▶ _What the exercise asks_
Look through the records below for the line holding "Vintage Metal Rocking Horse". Write it out exactly, with each following line through the line holding "Areyourshop Sale 20PCS".

▶ _Collected data_
--- START ---

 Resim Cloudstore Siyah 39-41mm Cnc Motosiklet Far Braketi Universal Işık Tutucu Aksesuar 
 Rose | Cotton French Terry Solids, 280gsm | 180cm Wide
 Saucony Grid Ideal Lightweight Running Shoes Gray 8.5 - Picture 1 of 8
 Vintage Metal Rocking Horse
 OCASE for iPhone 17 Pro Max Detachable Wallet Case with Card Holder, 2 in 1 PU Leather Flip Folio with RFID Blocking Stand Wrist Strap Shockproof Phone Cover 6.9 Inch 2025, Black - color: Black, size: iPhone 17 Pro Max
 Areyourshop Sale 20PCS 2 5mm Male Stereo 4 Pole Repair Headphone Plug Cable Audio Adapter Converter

--- END ---
--- START ---

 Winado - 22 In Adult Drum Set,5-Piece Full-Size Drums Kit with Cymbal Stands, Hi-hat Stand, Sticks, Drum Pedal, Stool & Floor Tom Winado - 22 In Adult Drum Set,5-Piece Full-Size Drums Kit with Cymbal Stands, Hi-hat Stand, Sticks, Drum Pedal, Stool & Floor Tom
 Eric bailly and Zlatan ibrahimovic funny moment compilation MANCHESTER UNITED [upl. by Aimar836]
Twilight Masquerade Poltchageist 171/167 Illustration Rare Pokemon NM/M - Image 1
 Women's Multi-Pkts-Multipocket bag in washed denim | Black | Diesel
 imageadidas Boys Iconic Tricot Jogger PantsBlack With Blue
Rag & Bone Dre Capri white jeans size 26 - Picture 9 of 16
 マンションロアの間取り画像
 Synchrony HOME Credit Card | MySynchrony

--- END ---

▶ _Solved exercise_
 Vintage Metal Rocking Horse
 OCASE for iPhone 17 Pro Max Detachable Wallet Case with Card Holder, 2 in 1 PU Leather Flip Folio with RFID Blocking Stand Wrist Strap Shockproof Phone Cover 6.9 Inch 2025, Black - color: Black, size: iPhone 17 Pro Max
 Areyourshop Sale 20PCS 2 5mm Male Stereo 4 Pole Repair Headphone Plug Cable Audio Adapter Converter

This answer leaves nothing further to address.